Question

In the given five sided closed figure, find $\angle $ EAB + $\angle $ ABC + $\angle $ BCD + $\angle $ CDE + $\angle $ DEA.

  $A$. ${520^ \circ }$
  $B$. ${540^ \circ }$
  $C$. ${530^ \circ }$
  $D$. ${140^ \circ }$

Answer 1

Hint: Here we will proceed by taking three triangles from which the pentagon is made. Then by using the sum of all interior angles of a triangle i.e. ${180^ \circ }$, we will add all the angles and we will get the required sum of the angles.
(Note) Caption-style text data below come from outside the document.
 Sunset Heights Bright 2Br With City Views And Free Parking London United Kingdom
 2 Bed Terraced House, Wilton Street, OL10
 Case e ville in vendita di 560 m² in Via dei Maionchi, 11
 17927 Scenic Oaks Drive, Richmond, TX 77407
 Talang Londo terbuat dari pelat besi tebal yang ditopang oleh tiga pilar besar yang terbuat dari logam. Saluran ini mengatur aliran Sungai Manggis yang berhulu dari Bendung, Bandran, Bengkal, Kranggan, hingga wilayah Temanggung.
Complete step-by-step answer:
Firstly, we will take three triangles from the pentagon-
$
  \vartriangle ABE \\
  \vartriangle EBD \\
  \vartriangle DBC \\
 $
Now we will use the property of the triangle i.e. sum of all interior angles of a triangle is ${180^ \circ }$.
Since the pentagon has 3 triangles,
The sum of all its angles$ = 3 \times {180^ \circ } = {540^ \circ }$
  So $\angle $ EAB + $\angle $ ABC + $\angle $ BCD + $\angle $ CDE + $\angle $ DEA = ${540^ \circ }$
$\therefore $ Option B is correct.

Note: There are also other ways by which we can solve this problem as if we use angle sum property of pentagon i.e. S = $\left( {n - 2} \right){180^ \circ }$where n is the number of sides of the pentagon. Then we will put the value of n and get the answer as ${540^ \circ }$.